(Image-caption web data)
########
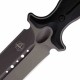 Begg Filoso Dagger Gray bg029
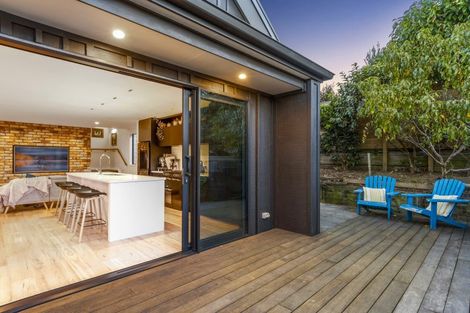 Photo of property in 75 Bert Wall Drive, Omokoroa, 3114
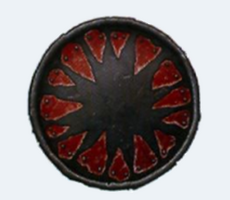 Matarife2.png
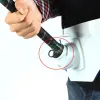 Werkzeuge Boot Angelrute Halter Einstellbare Meer Angeln Taille Schutz Gimbal Gürtel Gepolstert Rotierenden Universal Anpassung Gürtel Beruf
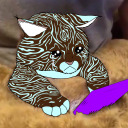 h0wdidig3there avatar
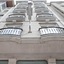 Hotel Arsus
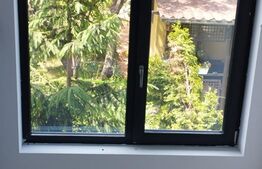 Casa de vis, 280mp utili, Valea Adanca 5 Drumuri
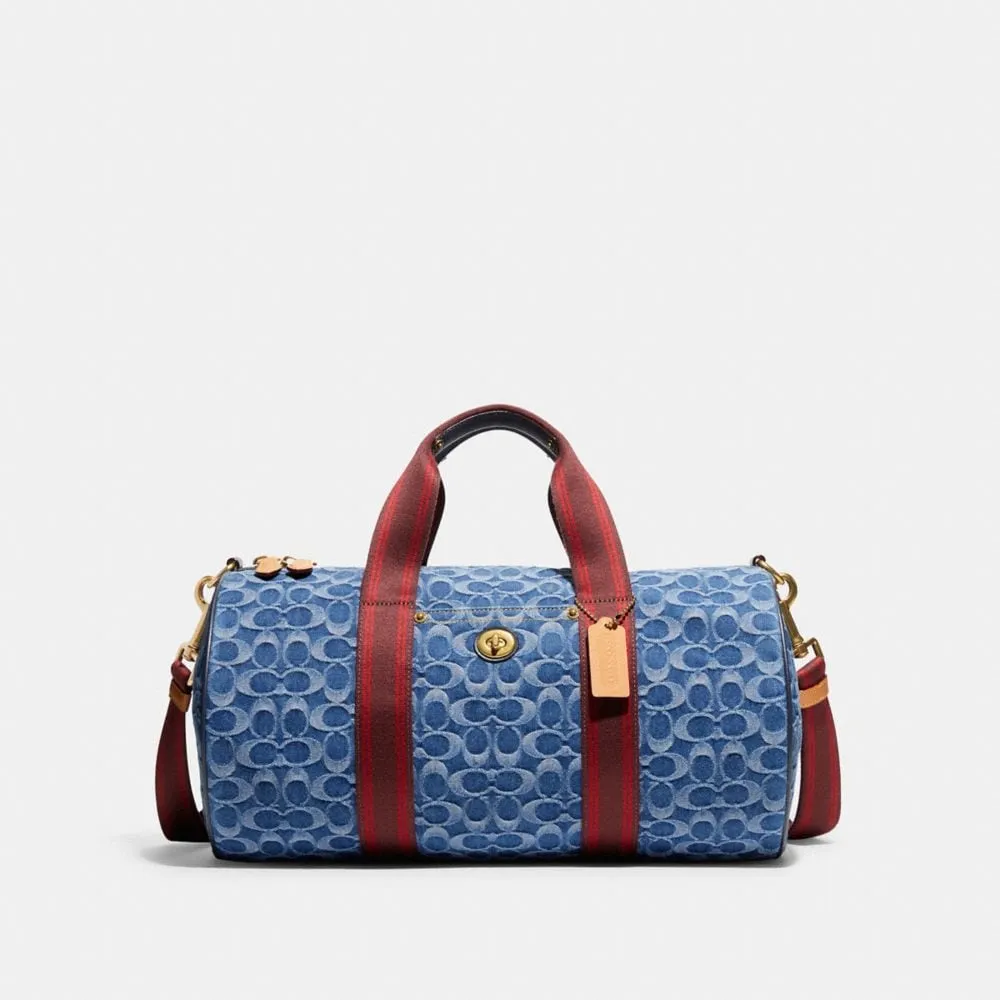 Classic handbags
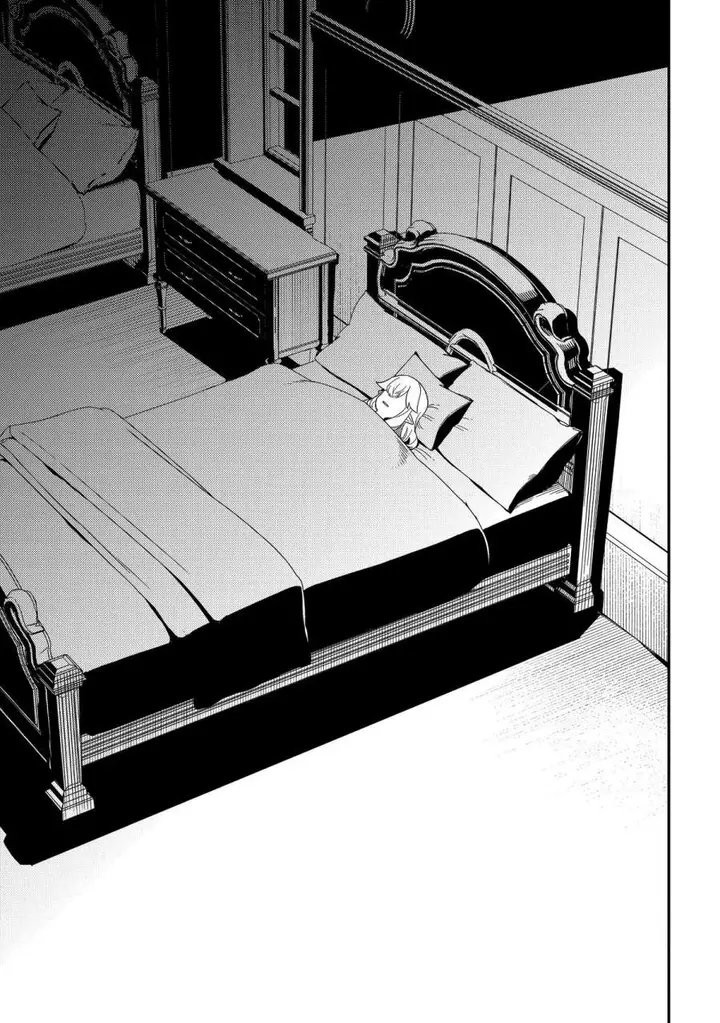 image-komik-neta-chara-tensei-toka-anmarida-chapter-28-35/39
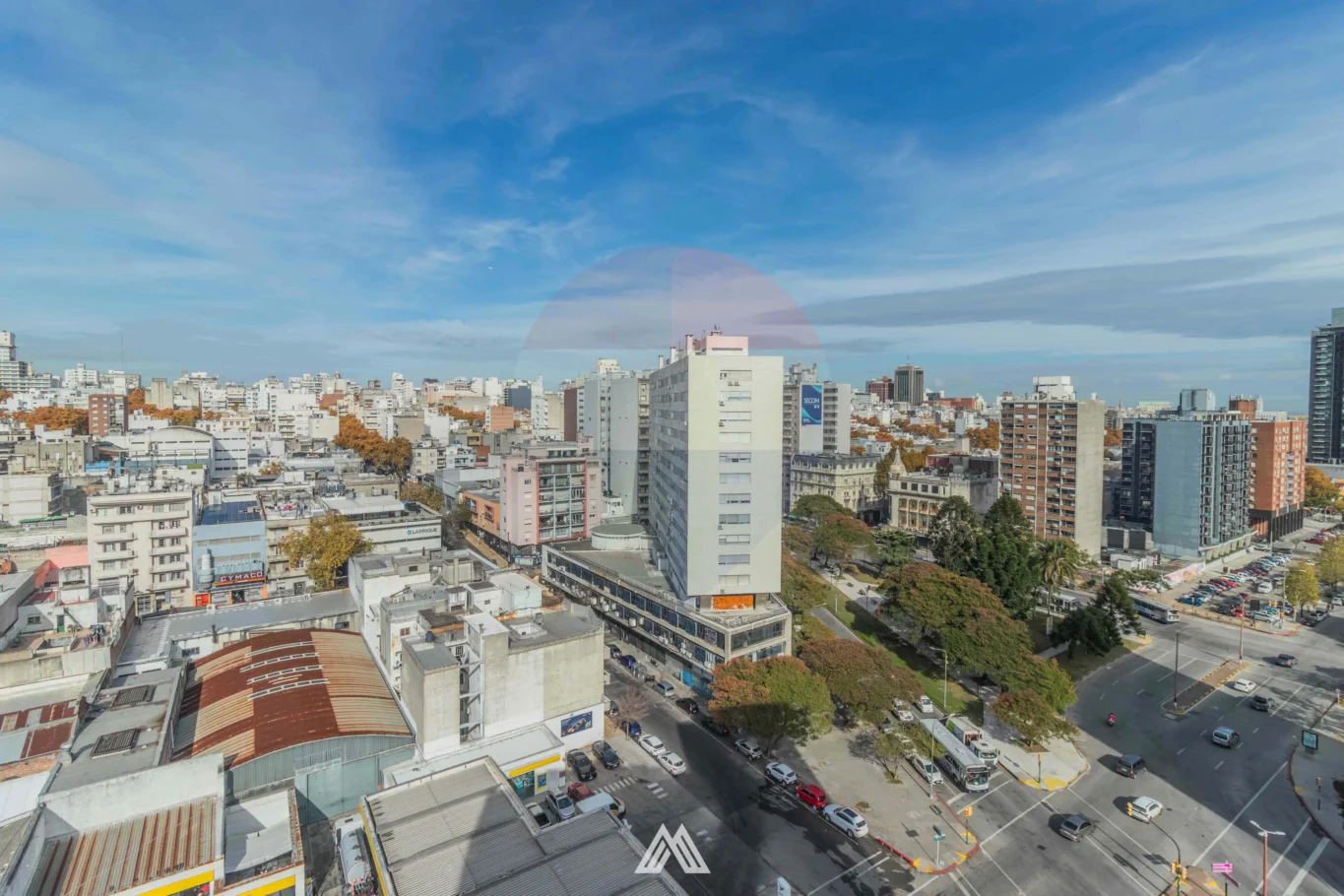 Apartamento en Centro, propiedad 282880 -Imagen 11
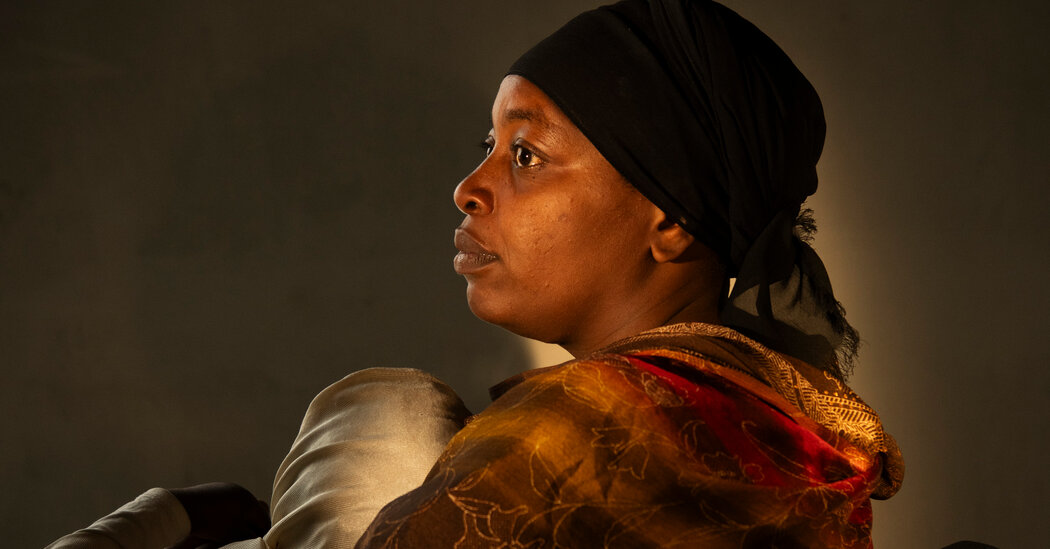 When Kenyan Maids Sought Help Overseas, Diplomats Demanded Sex Internet InfoMedia when kenyan maids sought help overseas diplomats demanded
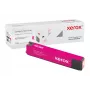 Xerox Everyday 006R04597 Cartuccia d'inchiostro compatibile con HP 971XL (CN627AE), magenta, alta capacità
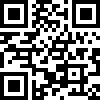 https://khabaronline.ir/xqnsq
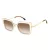 Carrera Lunettes de Soleil CA 3031/S SZJ/HA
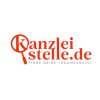 Kanzleistelle.de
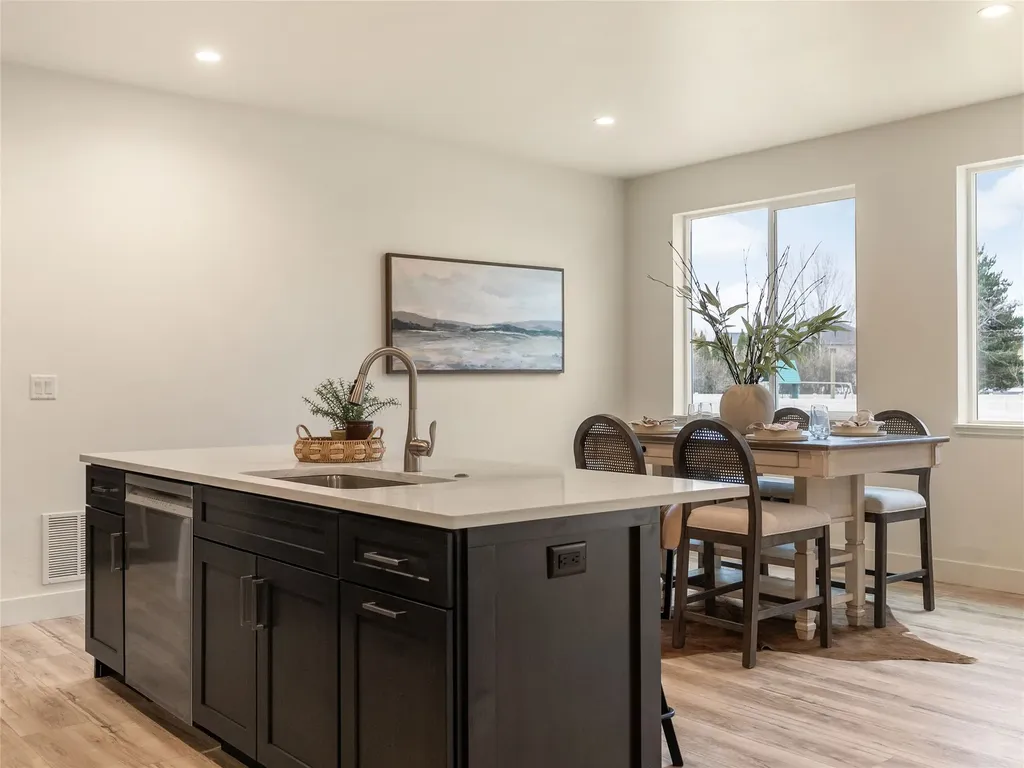 212 Junebug Court Kalispell MT 59901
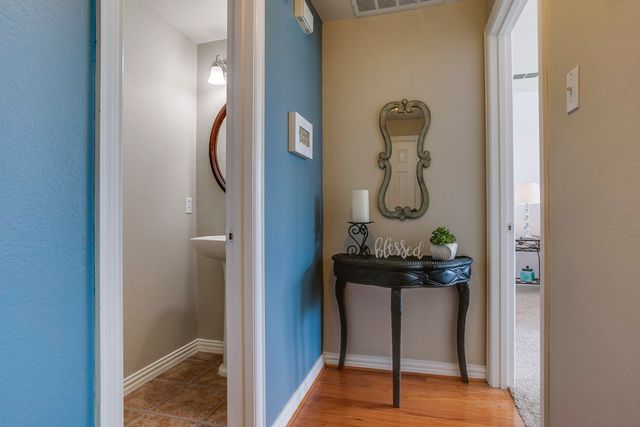 7906 Marquett Drive, Rowlett, TX 75089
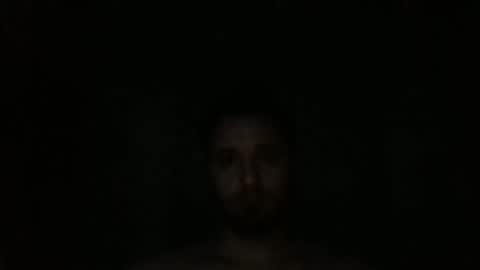 ad14n online show from May 2026 10:26:02 PM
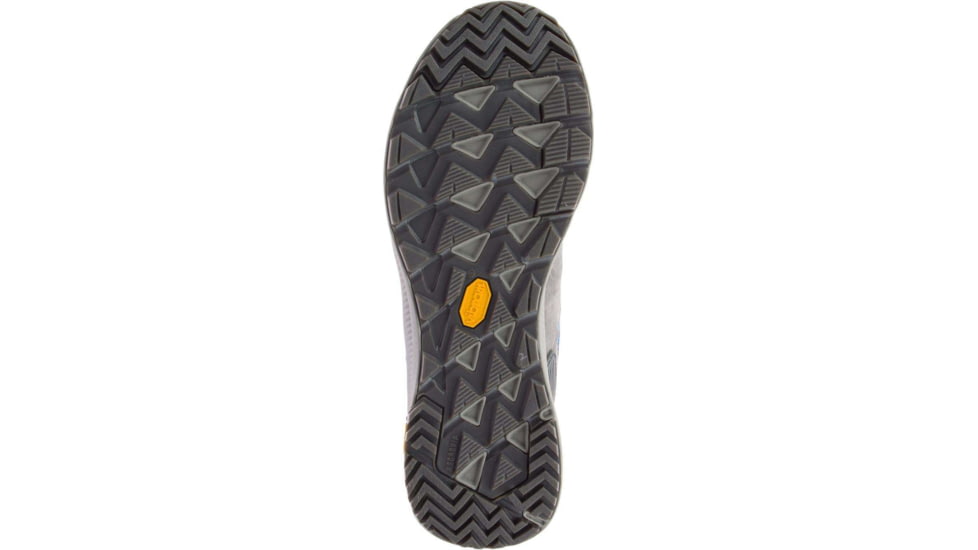 Merrell Ontario 85 Casual Shoe - Mens, Imperial, 10, Imperial, 10, J16903-Imperial-10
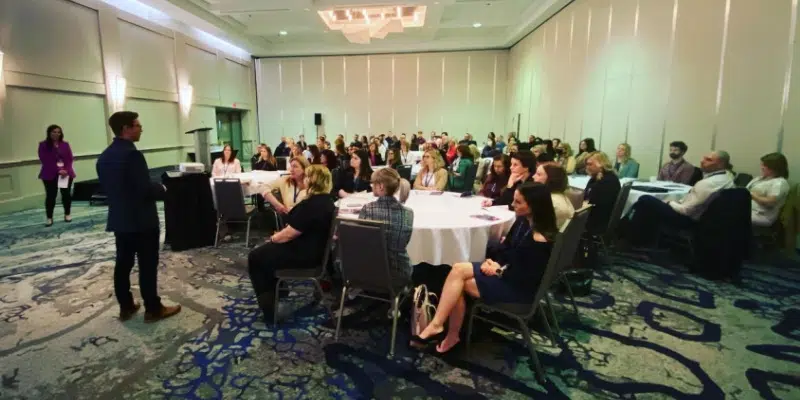 St. John's Board of Trade Hosting Annual Business Bootcamp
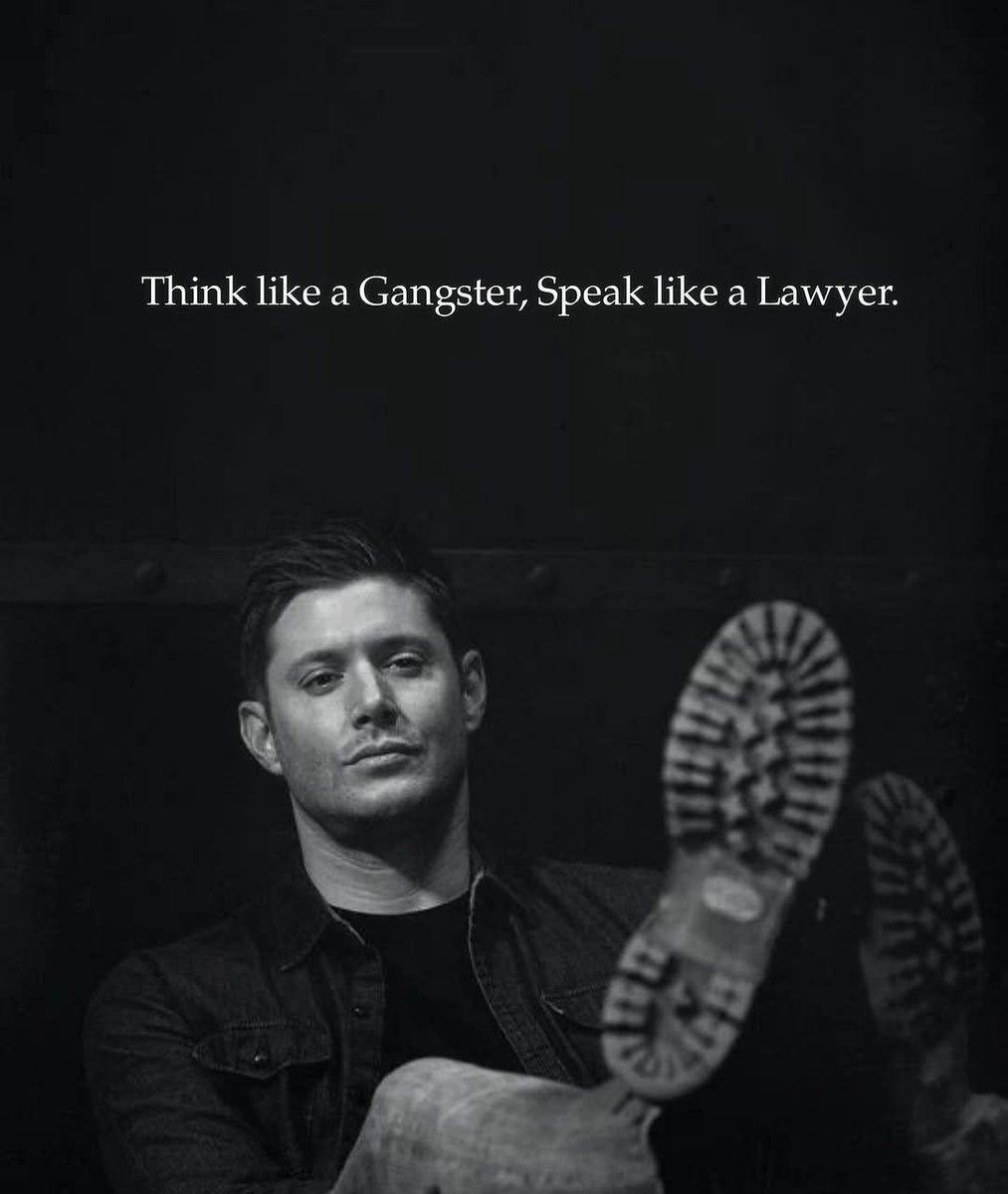 Top 1% Men (@dtop1percentmen) on Twitter photo 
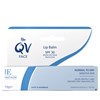 QV Face Lip Balm 15g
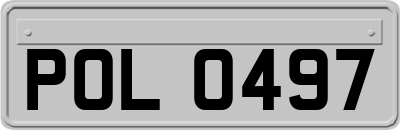 POL0497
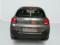preview Citroen C3 #5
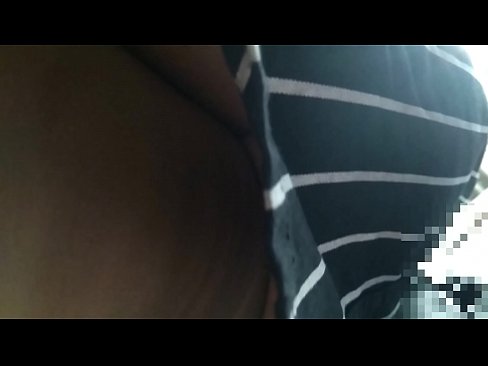 ❤️ Babaye nga itom nga walay panty, part 2 ❌ Fucking video sa ceb.hentai-for.ru ❌️❤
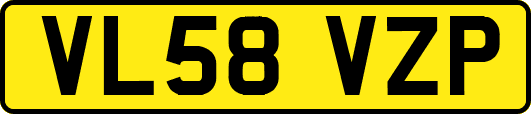 VL58VZP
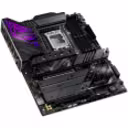 Thumbnail 8 de Tarjeta Madre Asus Rog Strix Z890-E Gaming WiFi LGA1851 4*DDR4 7*M.2 DP HDMI ThB
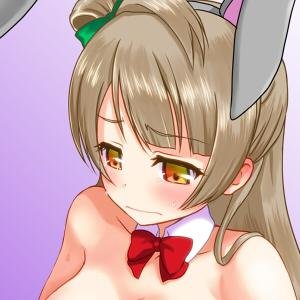 秘画内まいとさんのプロフィール画像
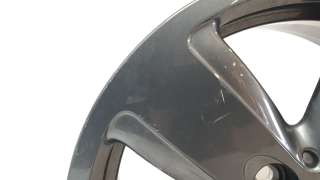 Recambio de llanta para mini mini (f56) 2013- cooper se / electric referencia OEM IAM 36116887935  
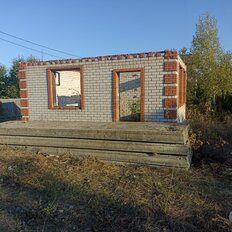 6 соток, участок - изображение 3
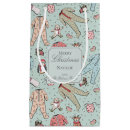 Recherche de mint green sacs cadeaux Mignon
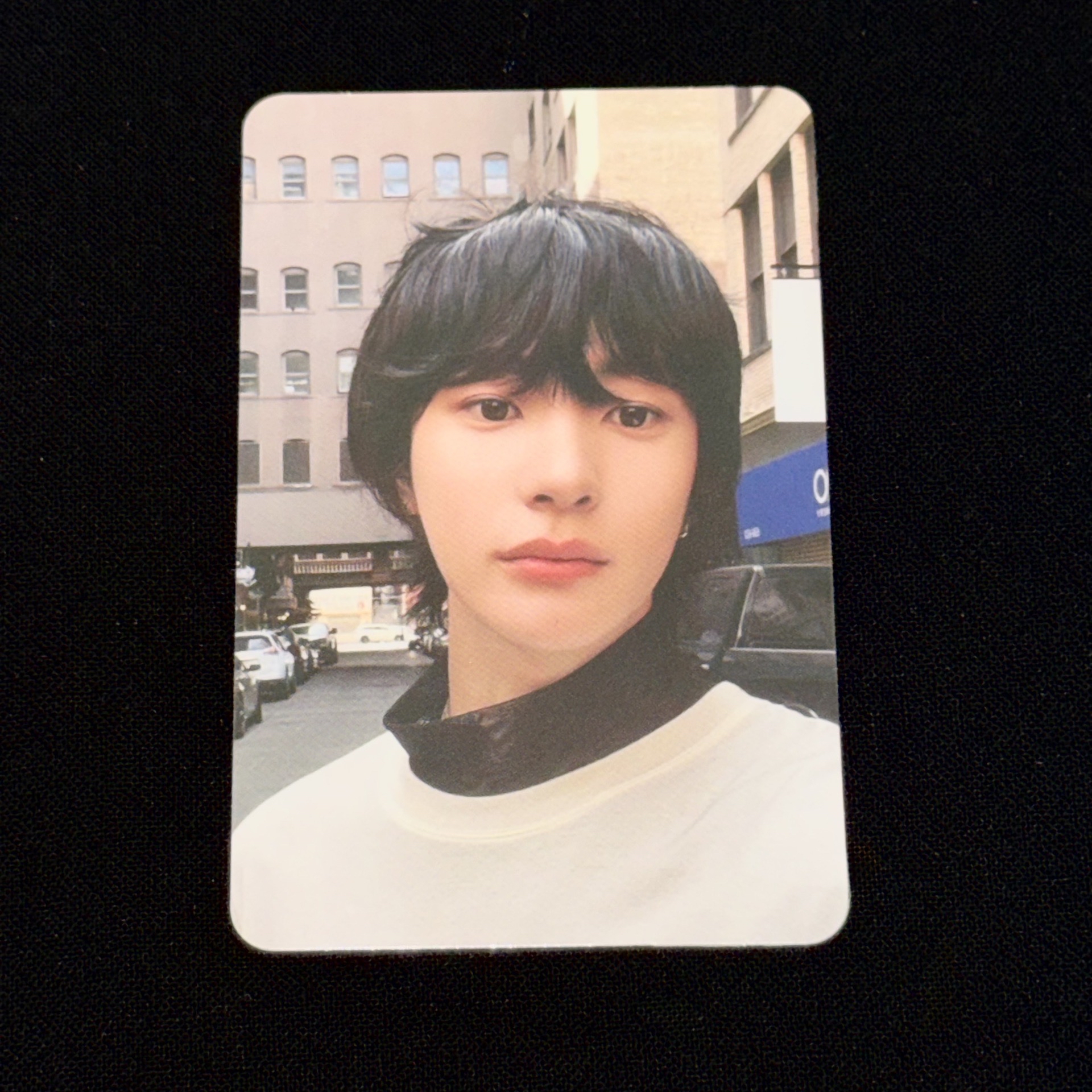 B&N ANTON 美國通路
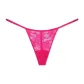 1 Pack (Pink)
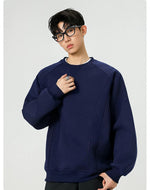 O1CN0131Uffz1Dkq7DjgMR2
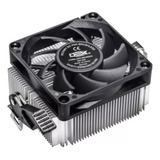 Cooler P/processador Amd Socket 754 / 939 / 940/ Fm2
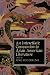 Books : An Interethnic Companion to Asian American Literature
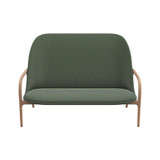Neva High Sofa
########
Your assignment
Copy only what lies between the line with "Apartamento en Centro, propiedad" and the line with "秘画内まいとさんのプロフィール画像", those two lines included, exactly as given above; pictures stay out.

Answer section
 Apartamento en Centro, propiedad 282880 -Imagen 11
 When Kenyan Maids Sought Help Overseas, Diplomats Demanded Sex Internet InfoMedia when kenyan maids sought help overseas diplomats demanded
 Xerox Everyday 006R04597 Cartuccia d'inchiostro compatibile con HP 971XL (CN627AE), magenta, alta capacità
 https://khabaronline.ir/xqnsq
 Carrera Lunettes de Soleil CA 3031/S SZJ/HA
 Kanzleistelle.de
 212 Junebug Court Kalispell MT 59901
 7906 Marquett Drive, Rowlett, TX 75089
 ad14n online show from May 2026 10:26:02 PM
 Merrell Ontario 85 Casual Shoe - Mens, Imperial, 10, Imperial, 10, J16903-Imperial-10
 St. John's Board of Trade Hosting Annual Business Bootcamp
 Top 1% Men (@dtop1percentmen) on Twitter photo 
 QV Face Lip Balm 15g
 POL0497
preview Citroen C3 #5
 ❤️ Babaye nga itom nga walay panty, part 2 ❌ Fucking video sa ceb.hentai-for.ru ❌️❤
 VL58VZP
 Thumbnail 8 de Tarjeta Madre Asus Rog Strix Z890-E Gaming WiFi LGA1851 4*DDR4 7*M.2 DP HDMI ThB
 秘画内まいとさんのプロフィール画像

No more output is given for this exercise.